高度に分業が進んだ組織では、部門間連携が実現しにくくなる「サイロ化」という課題が生じることがあります。オフィス設計の観点から、サイロ化を防ぐ方法を検討します。
前回に続き、オフィスで対面でのコミュニケーションが以前のようにできる状態に戻ることを前提にオフィスの活用について考えます。今回は組織のサイロ化を防ぐ仕組みをオフィス設計の観点から検討します。
見過ごせないサイロ化
高度に分業が進んだ組織において、部門間の連携が取りにくくなった状況をタコツボやサイロと呼ぶことがあります。高度な技術を習得するには時間がかかることや、分業により各部門が効率的に業務を進められることを考えると、分業自体が問題の原因であるわけではありません。しかし、他部門のことが分からなくなり、社内の資源や知識が十分に活用されない、社内政治の対応に追われるといったことが起こると、サイロ化は見過ごせないものとなります。

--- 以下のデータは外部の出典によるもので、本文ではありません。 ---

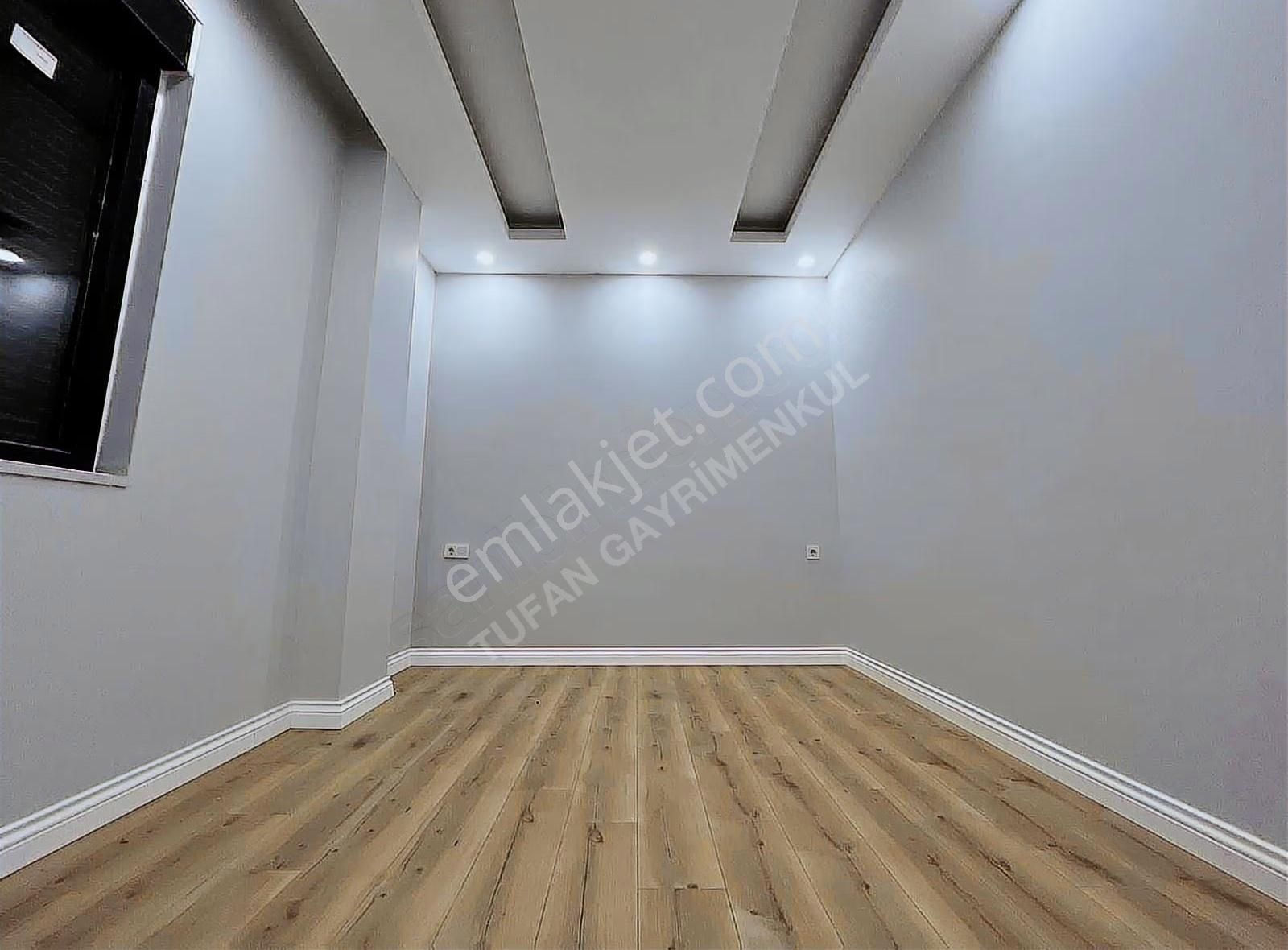 Manavgat Ilıcada Sıfır 2+1 Dubleks | 115 M² | Taş Yünü Mantolama - Görsel 9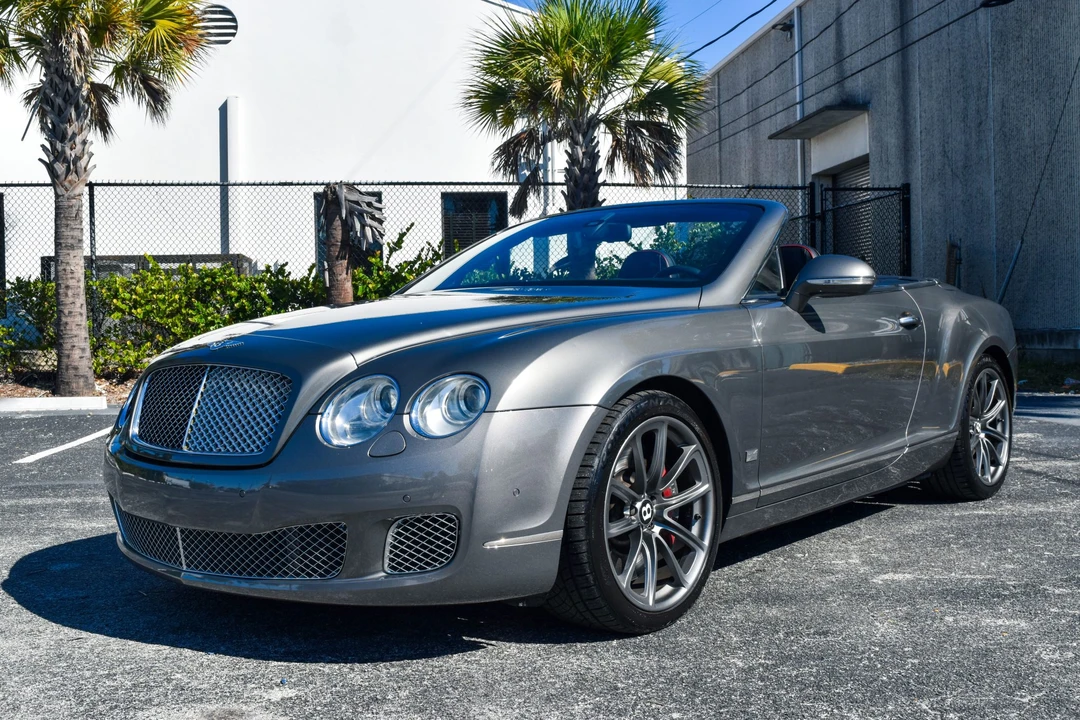 2011 Bentley Continental GTC - Image 10 of 31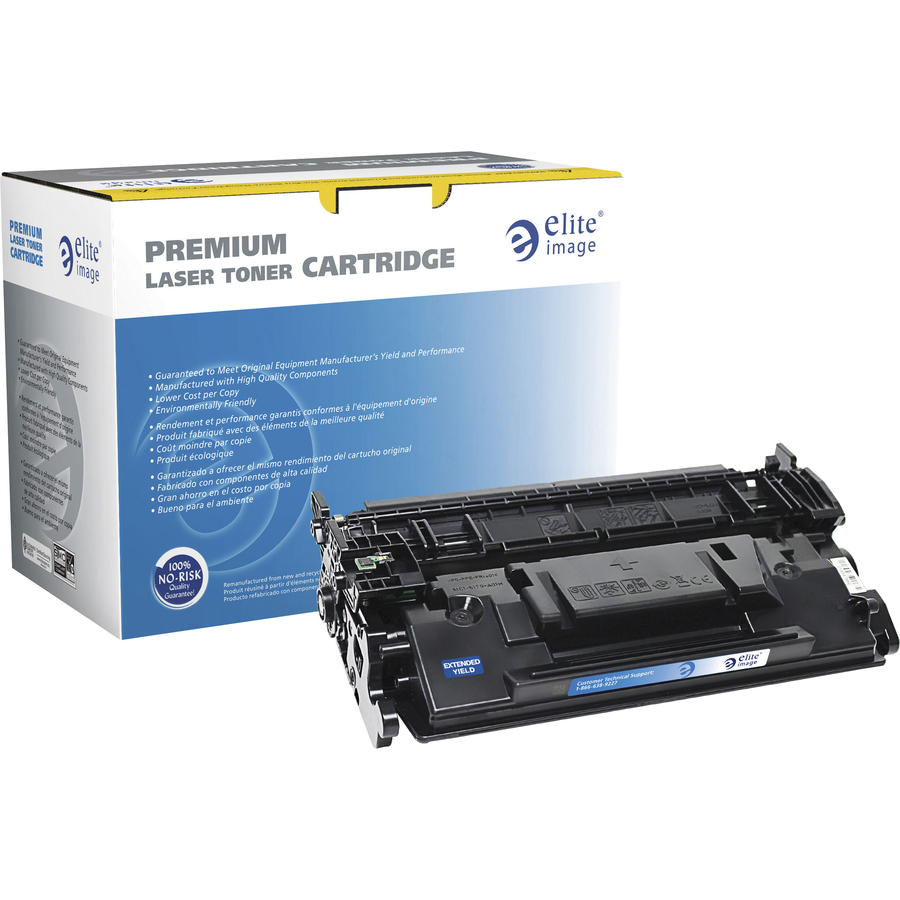 Remanufactured HP 26X Toner Cartridge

『サイロ・エフェクト』*1という書籍では、その解消策として、❶部門の境界を柔軟で流動的にする、❷報酬やインセンティブを部門間の協調を重視した設計にする、❸組織内の情報流の設計(データを共有し、それを個々人が解釈し、その結果として生じる多様な解釈に組織が耳を傾けることや、個々のサイロから他のサイロに情報を伝える「文化の翻訳家」を置くことなど)、❹物事の捉え方(書籍内では「世界を整理する分類方法」と称されている)を定期的に見直す、❺コンピュータによるデータ処理などの技術を利用すること(コンピュータは人間とは異なり心理的バイアスを持たず、新たな情報処理方法を試すことができるため)、の5点を提案しています。
*1 ジリアン・テット(土方奈美訳)『サイロ・エフェクト:高度専門化社会の罠』文藝春秋, 2016.